Buried in repetitive lines and obsessive compulsive behavior, Immendorff's narcissistic symbolism is so obscure any possibility of engaging in their narrative becomes an exercise in futility ending in utter frustration.
In direct opposition to Immendorff's manic energy is the utter stillness of Luc Tuymans sublime Still Life (2002).
Although this painting stands on its own merits, it becomes even more impressive after learning that it was painted for Documenta 11 in 2002, in a post-9/11 spirit of political and social engagement.
Tuymans chose a starkly banal theme as a response to unimaginable horror. At the center of a massive (347 x 500 cm.) white canvas sits a bleached out fragment of Cézanne-like still life, hovering silently in empty white space.
Peter Doig is the most accomplished painter in the show. But his paintings suffer for their reliance on photographic sources. Consequently, like so many works painted from reproductions, they lack the sparkle which only direct observation of the original sensory-rich source can provide.
Saatchi's purchases of Doig's paintings have certainly driven up his prices to impressive levels. Works in the show include Concrete Cabin (1994), which sold for $156,500 at Phillips on May 18, 2000; White Creep (1995), sold for $365,900 at Christies New York on Nov. 11, 2003; Grasshopper (1990), sold for $383,946 at Sotheby's London on June 25, 2003; and The Architect's Home in the Ravine (1991), sold for $479,649 at Sotheby's London on June 26, 2002.
Admittedly rendered with the skill of a maestro, Doig's paintings end as unmemorable encounters -- his images have no staying power. While their sensual surfaces are pleasing to our sense of tactility, the vacuous imagery implodes into a level of creative engagement that is not unlike reading a technical manual.
Fans of Doig's thematic investigation of magic realism would do well to remember the American artist Charles Burchfield (1893-1967), the mystical landscape painter whose emotionally charged visions of the felt but unseen forces of nature are the results of direct encounter with his subjects.

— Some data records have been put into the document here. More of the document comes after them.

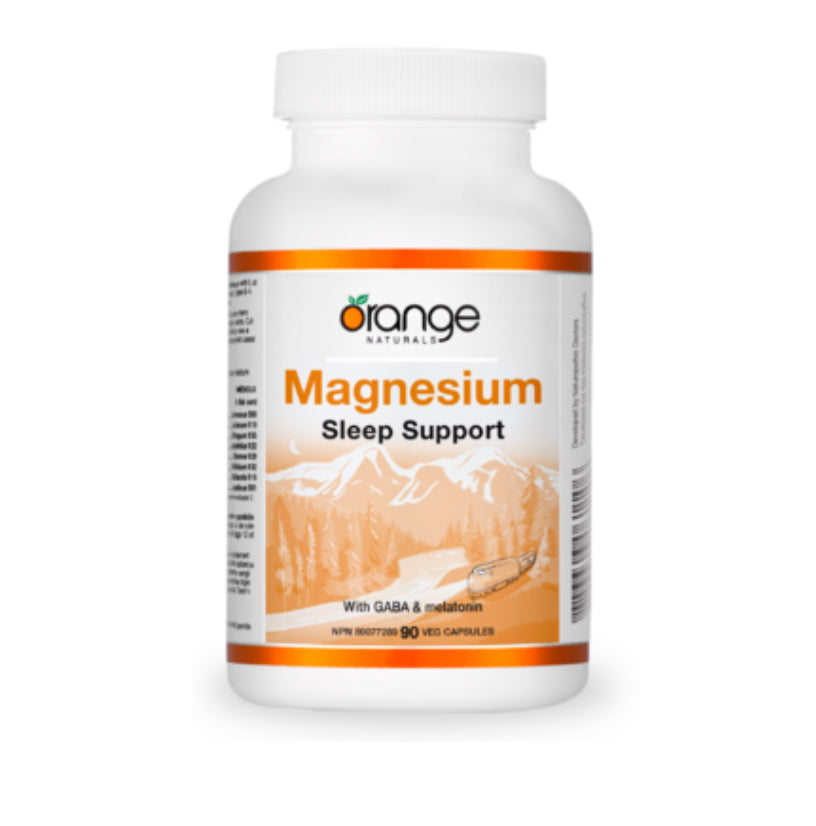 Orange Naturals Magnesium Sleep Support - 90 Capsules - Lighten Up Shop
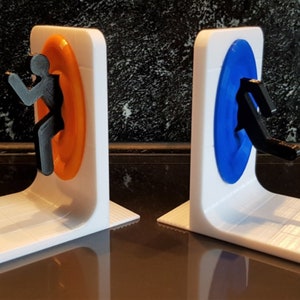 Portal bookends, bookends, 3D printing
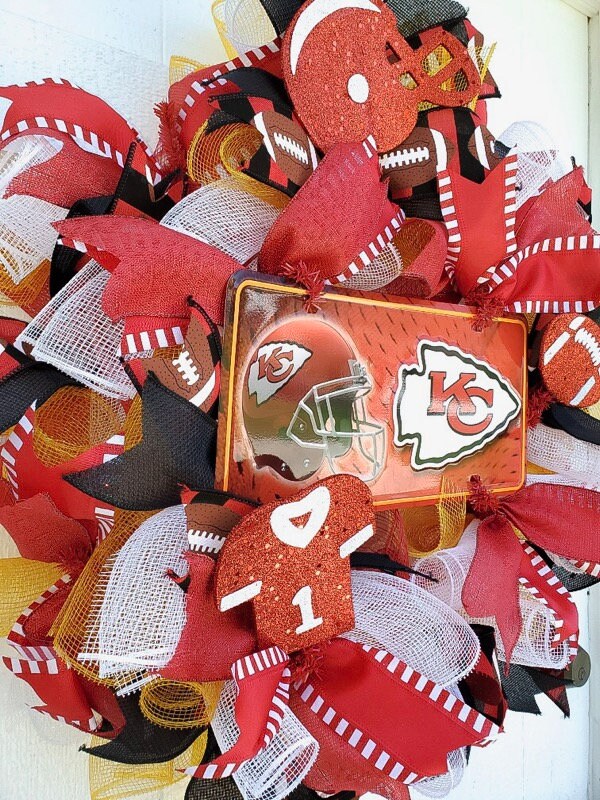 Kansas City Chiefs Football Wreath | Etsy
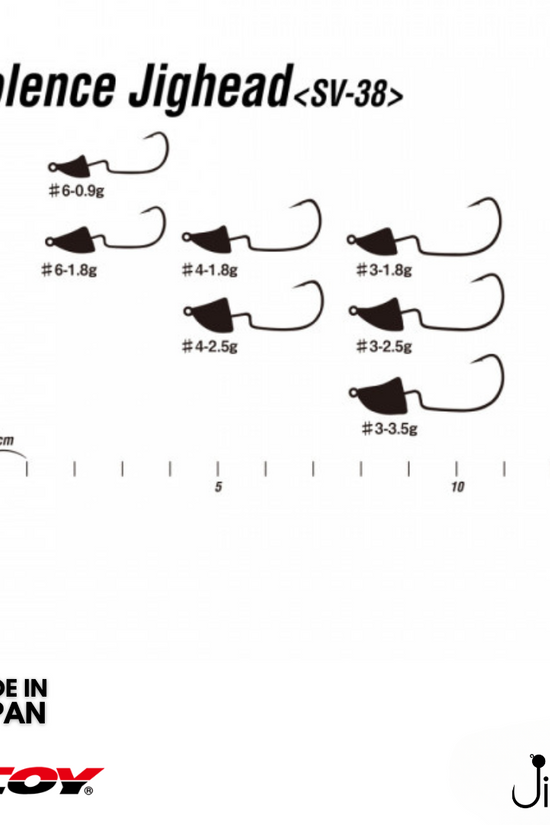 Decoy SV-38  Violence Jighead| #3-#6 | 1.8g-3.5g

The majestic blood-red gestural paintings of "The Pope of Viennese Aktionism," Hermann Nitsch, are like relics of the rituals and mock crucifixions performed at his Austrian Castle. These visceral works seem bizarrely out of place in this otherwise cerebral show. Works from his "Splatter Painting" series of the late 80s, while tedious as a group (when you've seen one, you've seen them all), still contain a raw emotive power, despite the fact that it's not blood on the canvas but good old oil and acrylic.
A telling analogy for painting's direct emotional impact can be found in the diaries of Charles Darwin, who once described a visit to the reptile house in the London Zoo.

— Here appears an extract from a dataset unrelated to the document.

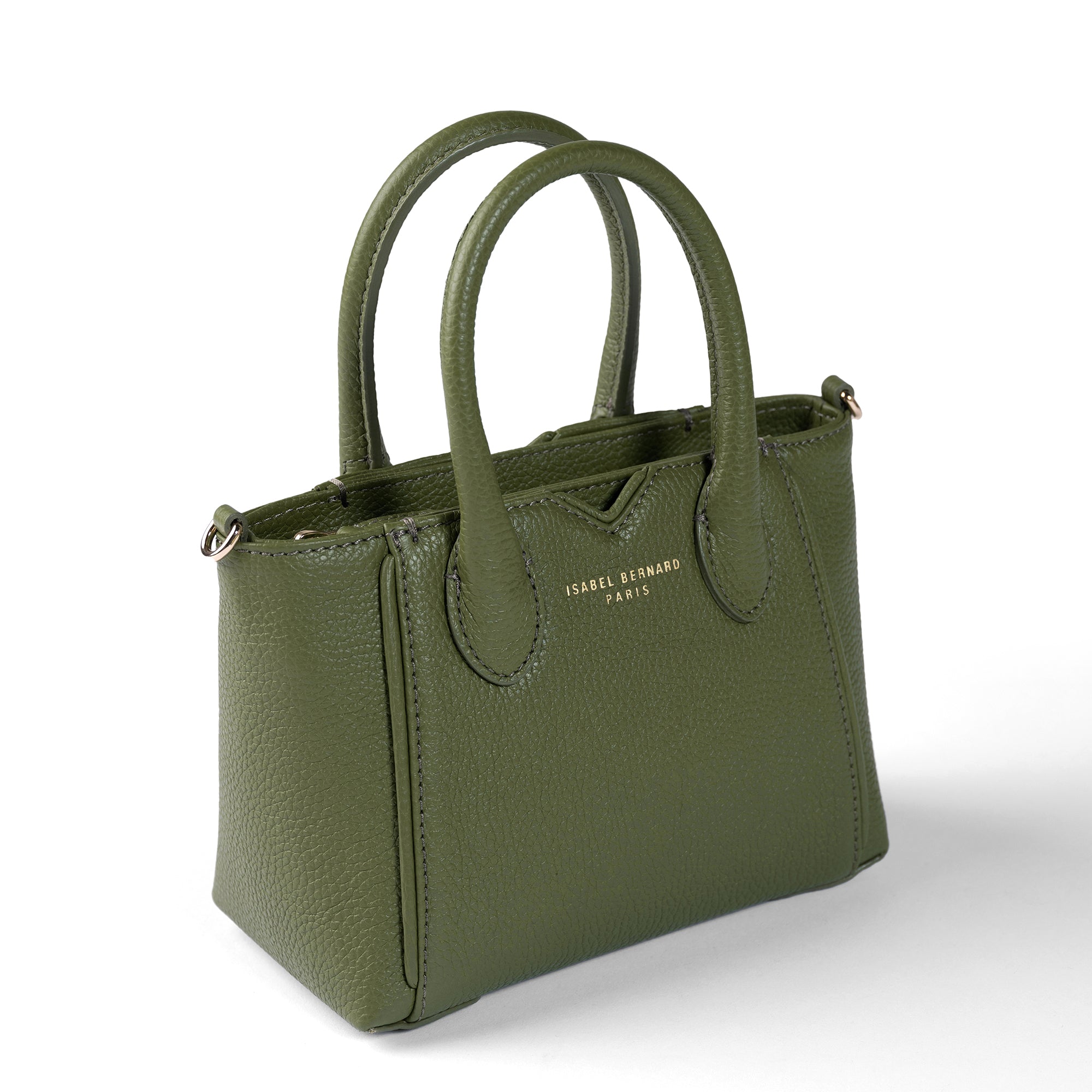 Honoré Cloe Mini green calfskin leather handbag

Darwin put his face up-close to the glass in front of a puff adder, determined he would not flinch if it struck at him. But when the snake did strike, Darwin leapt backwards, a reflex propelled by ancient and automatic brain circuits. Regardless of how many times he repeated the experiment, no amount of reason and rationality could stop this primitive emotional reaction.

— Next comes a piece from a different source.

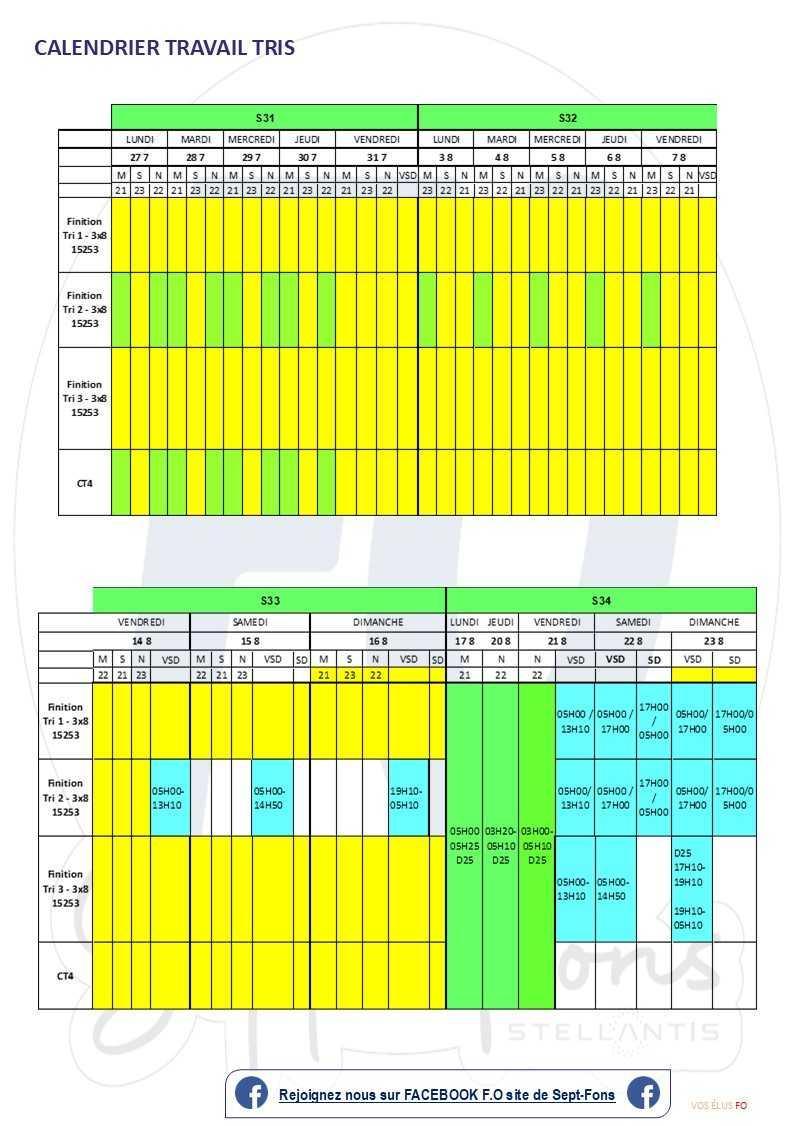 Compte-rendu du CSE du 23 juillet 2026.>> calendrier travail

Similarly, great paintings are not mere exercises in exposition but employ a raw power to appeal to more primitive human emotional reactions.
Let's hope that the forthcoming two sections of "The Triumph of Painting" provide a better catalyst for unexpected pathways of brain circuitry to fire with a blaze of creative engagement.
Gut feelings, whether painful or pleasurable, require little explanation. They are hard to ignore. And so are great paintings.